Archie Griffin – 1974
Archie Griffin won the 1974 Heisman by a landslide vote. When the numbers were counted, he beat Anthony Davis by more than 1,100 points. The victory is one of the most lopsided in the history of the award.
To earn such a dominant victory, Griffin needed to put together an even more dominant season. He finished the year with 1,695 yards and 12 touchdowns. And in every game he played, he ran for more than 111 yards. That’s just videogame like!
Joe Bellino – 1960
Joe Bellino scored 18 touchdowns for Navy in 1960 for a dominant Heisman win. An undersized player, Bellino played with the passion of a bull. This despite being only 5’9″ and 181 pounds.
Bellino did it all for Navy. He was a running back, a wide receiver, a quarterback, and a punt returner. Navy lost the Orange Bowl, but the story of how Joe Bellino led the rag tag group of men to a 9-1 record has lived on well beyond the box score.
Troy Smith – 2006
Troy Smith had an all-time great college season for Ohio Stat in 2006 on his way to winning the Heisman. He threw 30 touchdown passes and five interceptions. On the ground he added five more touchdowns. Most importantly, he always played his best games against major opponents.
His Heisman win was lopsided. No one questioned that he was the best player in college football. In the NFL, he sunk more than he swam, jumping around from team to team playing inconsistently from start to start.
Charlie Ward – 1993
Charlie Ward is one of the more interesting Heisman winners on this list. Considered undersized as a quarterback, he led Florida State to the National Title game in 1993. To get the team there, he completed 70 percent of his passes.

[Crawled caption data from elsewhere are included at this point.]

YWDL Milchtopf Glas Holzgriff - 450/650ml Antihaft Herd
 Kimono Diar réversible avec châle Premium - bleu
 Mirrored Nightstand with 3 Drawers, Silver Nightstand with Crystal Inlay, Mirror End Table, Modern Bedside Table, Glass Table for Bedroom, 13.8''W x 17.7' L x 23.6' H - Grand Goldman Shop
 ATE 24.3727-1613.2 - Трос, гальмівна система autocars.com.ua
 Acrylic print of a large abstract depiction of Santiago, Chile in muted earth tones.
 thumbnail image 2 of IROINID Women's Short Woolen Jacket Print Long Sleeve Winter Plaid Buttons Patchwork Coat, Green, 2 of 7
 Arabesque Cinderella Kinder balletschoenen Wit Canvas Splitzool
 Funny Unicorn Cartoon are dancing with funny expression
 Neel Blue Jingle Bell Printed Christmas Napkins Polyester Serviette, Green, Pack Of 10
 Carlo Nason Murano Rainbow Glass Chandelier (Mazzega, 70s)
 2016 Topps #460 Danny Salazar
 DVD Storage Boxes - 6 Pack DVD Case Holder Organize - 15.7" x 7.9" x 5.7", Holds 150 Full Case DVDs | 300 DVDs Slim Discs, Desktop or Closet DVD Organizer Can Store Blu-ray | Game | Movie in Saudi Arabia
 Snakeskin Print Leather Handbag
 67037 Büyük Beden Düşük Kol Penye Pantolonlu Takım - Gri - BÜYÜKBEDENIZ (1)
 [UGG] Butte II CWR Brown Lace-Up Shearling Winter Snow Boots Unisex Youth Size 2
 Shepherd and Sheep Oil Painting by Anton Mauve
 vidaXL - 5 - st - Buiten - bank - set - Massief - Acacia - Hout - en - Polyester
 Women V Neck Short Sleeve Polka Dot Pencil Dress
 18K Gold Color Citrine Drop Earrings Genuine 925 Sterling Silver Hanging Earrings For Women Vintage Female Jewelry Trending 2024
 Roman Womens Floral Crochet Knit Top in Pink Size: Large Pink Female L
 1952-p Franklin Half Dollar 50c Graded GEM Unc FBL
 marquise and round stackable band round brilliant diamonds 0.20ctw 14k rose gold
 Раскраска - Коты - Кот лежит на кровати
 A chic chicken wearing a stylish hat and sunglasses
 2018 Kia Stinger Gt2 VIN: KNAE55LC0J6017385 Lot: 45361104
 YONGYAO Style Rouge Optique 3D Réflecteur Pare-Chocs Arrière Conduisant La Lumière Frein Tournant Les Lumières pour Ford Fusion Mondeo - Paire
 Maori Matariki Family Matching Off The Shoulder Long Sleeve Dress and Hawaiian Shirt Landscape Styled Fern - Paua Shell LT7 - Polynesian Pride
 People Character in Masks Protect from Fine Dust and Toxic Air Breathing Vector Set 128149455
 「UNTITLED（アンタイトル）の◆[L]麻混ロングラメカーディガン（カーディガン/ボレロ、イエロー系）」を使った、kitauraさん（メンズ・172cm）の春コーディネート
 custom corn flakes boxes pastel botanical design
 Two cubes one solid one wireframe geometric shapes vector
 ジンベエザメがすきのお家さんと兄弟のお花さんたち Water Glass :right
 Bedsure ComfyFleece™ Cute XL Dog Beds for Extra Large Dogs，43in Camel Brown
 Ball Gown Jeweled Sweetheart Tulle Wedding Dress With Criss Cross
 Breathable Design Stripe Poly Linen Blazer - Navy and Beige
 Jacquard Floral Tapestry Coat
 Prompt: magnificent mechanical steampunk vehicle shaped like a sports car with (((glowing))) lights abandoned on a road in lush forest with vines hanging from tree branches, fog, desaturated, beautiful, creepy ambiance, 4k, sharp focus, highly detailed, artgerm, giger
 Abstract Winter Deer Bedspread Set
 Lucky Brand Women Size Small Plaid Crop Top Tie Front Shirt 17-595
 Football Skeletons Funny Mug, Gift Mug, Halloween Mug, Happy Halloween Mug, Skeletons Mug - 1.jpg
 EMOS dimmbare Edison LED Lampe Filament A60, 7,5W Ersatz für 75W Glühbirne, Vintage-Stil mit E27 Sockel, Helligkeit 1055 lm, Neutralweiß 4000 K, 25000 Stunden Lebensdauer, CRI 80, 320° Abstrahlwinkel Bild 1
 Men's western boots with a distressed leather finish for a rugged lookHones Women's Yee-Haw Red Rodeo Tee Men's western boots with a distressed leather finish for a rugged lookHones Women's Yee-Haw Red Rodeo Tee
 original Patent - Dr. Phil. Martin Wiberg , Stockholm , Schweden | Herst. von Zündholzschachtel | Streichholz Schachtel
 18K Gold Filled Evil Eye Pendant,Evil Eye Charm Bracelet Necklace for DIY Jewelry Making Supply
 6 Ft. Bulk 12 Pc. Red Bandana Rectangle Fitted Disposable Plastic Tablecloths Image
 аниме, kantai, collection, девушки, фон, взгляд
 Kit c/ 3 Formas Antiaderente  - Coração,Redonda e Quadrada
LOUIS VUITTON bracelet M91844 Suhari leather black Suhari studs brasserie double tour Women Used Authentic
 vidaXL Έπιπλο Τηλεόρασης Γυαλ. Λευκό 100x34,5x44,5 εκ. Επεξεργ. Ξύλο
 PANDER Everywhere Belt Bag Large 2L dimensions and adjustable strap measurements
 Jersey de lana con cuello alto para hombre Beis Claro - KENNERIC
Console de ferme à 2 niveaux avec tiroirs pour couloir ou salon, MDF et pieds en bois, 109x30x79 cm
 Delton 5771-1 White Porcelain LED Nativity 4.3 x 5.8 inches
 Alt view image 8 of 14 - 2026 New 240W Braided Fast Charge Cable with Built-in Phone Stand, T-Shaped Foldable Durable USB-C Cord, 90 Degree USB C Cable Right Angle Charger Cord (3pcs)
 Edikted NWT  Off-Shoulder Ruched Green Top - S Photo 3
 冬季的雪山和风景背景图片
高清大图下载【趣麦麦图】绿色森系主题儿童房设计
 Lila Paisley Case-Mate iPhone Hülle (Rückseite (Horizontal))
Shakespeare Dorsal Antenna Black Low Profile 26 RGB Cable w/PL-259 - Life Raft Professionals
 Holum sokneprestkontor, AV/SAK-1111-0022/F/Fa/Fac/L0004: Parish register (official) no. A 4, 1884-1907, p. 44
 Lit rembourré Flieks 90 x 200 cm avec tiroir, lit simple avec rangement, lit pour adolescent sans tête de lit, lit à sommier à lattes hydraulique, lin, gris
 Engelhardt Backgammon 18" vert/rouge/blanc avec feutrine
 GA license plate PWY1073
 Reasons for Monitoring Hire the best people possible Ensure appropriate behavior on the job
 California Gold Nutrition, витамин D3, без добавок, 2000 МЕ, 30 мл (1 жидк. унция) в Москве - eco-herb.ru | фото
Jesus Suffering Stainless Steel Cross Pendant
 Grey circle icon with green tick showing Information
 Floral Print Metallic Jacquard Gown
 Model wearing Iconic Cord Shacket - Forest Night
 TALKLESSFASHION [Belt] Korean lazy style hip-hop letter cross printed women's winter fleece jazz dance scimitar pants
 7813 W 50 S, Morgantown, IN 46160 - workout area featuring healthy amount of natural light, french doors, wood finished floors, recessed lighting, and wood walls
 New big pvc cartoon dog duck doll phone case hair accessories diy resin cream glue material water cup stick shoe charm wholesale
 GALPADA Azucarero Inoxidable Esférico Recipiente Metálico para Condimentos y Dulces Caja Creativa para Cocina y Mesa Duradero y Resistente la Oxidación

When it came time to enter the NFL, Ward made it clear he would only play if he was drafted in the first round. After being told he wasn’t a first round talent, he elected to play in the NBA.
Robert Griffin III – 2011
Robert Griffin III had a brilliant NCAA career. If anyone thought they had a chance of beating him out for the Heisman in 2011, they had never seen him play. He was the ultimate college quarterback; a deadly accurate arm and legs that could breakaway for a touchdown at any second.
When his time came to enter the NFL, he won rookie of the year and lead Washington to the playoffs. Then his body began to breakdown, relegating him to a career as a backup.
Tim Brown – 1987
Tim Brown put Notre Dame back on the college football map in the late 1980s. The legendary wide receiver played for some lower end teams, but made high school players see the school as a hot spot destination.
It’s no wonder Brown became a stud in the NFL. Playing for the Oakland Raiders, Brown never had the best QBs throwing to him, but he always made the most of it. Also, near the end of his career he got to play opposite Jerry Rice, which is pretty cool.